By The Editorial Board
TODAY, a new and exciting chapter in Philippine sports history opens as Manila hosts the 2023 FIBA World Cup, basketball's biggest spectacle. For the next 17 days, 32 teams, which survived a long and grueling elimination phase, will face each other in the final showdown to determine who will reign as champion for the next four years.
The Philippines fought tooth and nail for the chance to host this year's FIBA World Cup. We could not afford to let it slip by, since it may be decades before the next golden opportunity comes along.
We are co-hosting the World Cup with Okinawa and Jakarta, but the medal round will be played here. And that is a grand treat for the millions of Filipino basketball fans who are looking forward to the rare experience of watching their idols play.
To describe Filipinos as basketball-crazy is not an exaggeration. In almost every village, there is a basketball court. The ring may be skewed and rusty, nailed to a warped backboard, and the court nothing but a leveled-out patch of bare ground. But it is where barefoot boys learn the game. It is where the dream begins.
The roots of basketball in the Philippines are difficult to trace, because historical details are scarce. One account credits American teachers for bringing the game over toward the end of the 1800s, when America took the country under its wing. The game was just catching on in the US, having been developed by Canadian-American doctor James Naismith in 1861.
Dribbling a ball and shooting it towards a hoop (originally a peach basket with its bottom removed) quickly appealed to the local boys, and a national sport was born.
For a while, the Philippines was the unchallenged king of basketball in Asia, winning the crown during the 1913 Far Eastern Games.
The appeal has since grown into a national obsession. More than a century later, basketball has mesmerized an entire nation. We have professional and semi-pro leagues, and basketball is the glamor sport in the UAAP and the NCAA. For many barangay (villages), a fiesta celebration is not complete without a basketball tournament.
According to one report, the Philippines is Nike's third biggest basketball market after the US and China.
Multi-awarded PBA coach Tim Cone caught the essence of the Filipinos' romance with basketball during a recent interview. "We have three seasons: rainy season, [dry] season and basketball season, and we play basketball through it all. That's the passion," Cone said.
Not surprisingly, the holy grail for many young players is suiting up for the national team. To join the roster, which includes the all-time greats of Philippine basketball, is a distinct privilege and honor.
Among the legends who played for the flag and country was Carlos Loyzaga. The six-foot-one Loyzaga led the national team to a third-place finish in the 1954 World Basketball Championship in Rio de Janeiro.
It was the best finish for the Philippines in the tournament that was the forerunner of the FIBA World Cup.

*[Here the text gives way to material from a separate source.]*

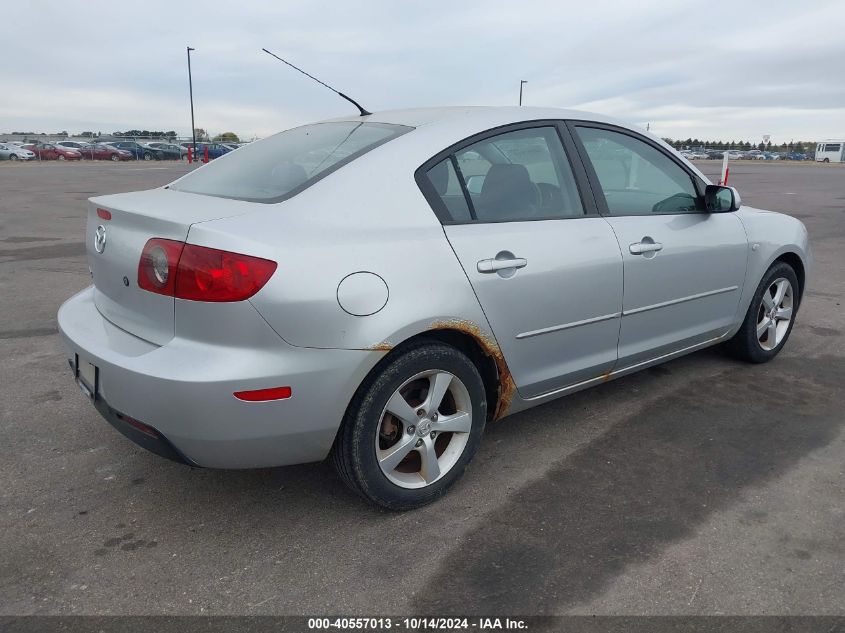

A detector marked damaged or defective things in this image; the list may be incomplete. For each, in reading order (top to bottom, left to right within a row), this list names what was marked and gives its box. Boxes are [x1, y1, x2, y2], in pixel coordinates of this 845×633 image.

rust damage [428, 316, 516, 420]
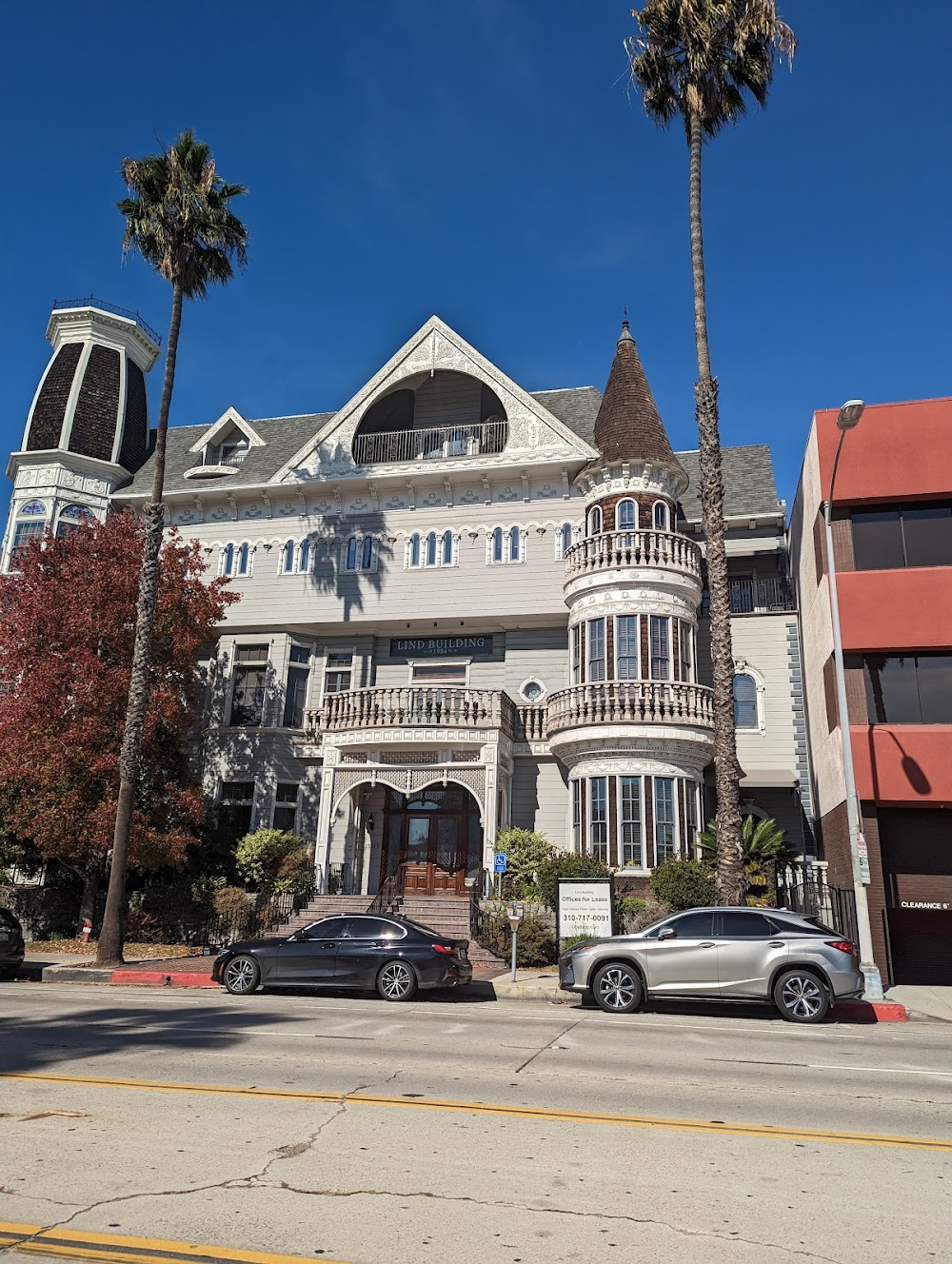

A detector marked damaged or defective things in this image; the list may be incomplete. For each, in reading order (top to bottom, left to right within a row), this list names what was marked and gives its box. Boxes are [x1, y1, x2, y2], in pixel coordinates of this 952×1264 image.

cracked pavement [1, 980, 950, 1258]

Other court heroes have responded to the call to play for the Philippine team. Lauro Mumar was Loyzaga's teammate in the 1954 championship. Narciso Bernardo and Ed Ocampo were fixtures in several national teams. So were Alvin Patrimonio, Bogs Adornado, Manny Paner, Ramon Fernandez and Allan Caidic.
Robert Jaworski was the driving force behind many Philippine teams.

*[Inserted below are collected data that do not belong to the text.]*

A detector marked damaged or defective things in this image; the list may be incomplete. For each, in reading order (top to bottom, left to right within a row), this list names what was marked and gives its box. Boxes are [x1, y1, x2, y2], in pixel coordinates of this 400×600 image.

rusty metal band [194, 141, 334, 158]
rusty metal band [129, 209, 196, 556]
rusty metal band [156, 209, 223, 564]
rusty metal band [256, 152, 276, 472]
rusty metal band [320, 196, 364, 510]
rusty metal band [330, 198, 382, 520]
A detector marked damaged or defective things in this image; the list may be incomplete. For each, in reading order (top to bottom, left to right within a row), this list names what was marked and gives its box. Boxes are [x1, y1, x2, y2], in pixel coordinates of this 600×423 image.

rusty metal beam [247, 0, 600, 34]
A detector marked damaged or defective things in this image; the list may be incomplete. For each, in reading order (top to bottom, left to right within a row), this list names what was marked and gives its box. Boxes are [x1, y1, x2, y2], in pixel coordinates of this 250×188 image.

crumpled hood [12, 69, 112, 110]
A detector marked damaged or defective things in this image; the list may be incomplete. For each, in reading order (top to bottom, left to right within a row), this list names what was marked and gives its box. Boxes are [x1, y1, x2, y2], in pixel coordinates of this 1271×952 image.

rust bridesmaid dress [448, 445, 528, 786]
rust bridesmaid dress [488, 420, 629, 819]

It is fitting that FIBA has chosen the World Cup in Manila as the venue to honor Loyzaga by formalizing his posthumous induction into its Hall of Fame.

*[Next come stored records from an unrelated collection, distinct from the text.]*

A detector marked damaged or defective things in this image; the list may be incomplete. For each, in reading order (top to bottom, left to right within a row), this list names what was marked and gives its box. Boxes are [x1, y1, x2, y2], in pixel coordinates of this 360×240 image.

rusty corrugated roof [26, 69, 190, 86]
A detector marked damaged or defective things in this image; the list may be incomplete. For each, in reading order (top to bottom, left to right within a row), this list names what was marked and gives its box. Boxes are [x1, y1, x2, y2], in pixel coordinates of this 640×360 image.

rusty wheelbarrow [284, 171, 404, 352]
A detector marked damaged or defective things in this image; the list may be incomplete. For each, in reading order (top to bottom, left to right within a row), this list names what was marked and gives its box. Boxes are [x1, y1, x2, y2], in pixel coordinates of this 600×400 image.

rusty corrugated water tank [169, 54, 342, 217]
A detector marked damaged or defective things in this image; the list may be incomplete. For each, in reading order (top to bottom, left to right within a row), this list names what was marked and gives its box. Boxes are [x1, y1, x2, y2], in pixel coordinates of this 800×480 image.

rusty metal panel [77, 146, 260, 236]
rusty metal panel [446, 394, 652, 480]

The quest for basketball glory continues today. The Philippines' Gilas will be up against some of the world's best teams. It will be the underdog, but Gilas prides itself in having puso — a fierce fighting heart.
For that, Gilas deserves the admiration and wholehearted support from the country as it basks in national pride for being the center of the basketball universe for the next two weeks.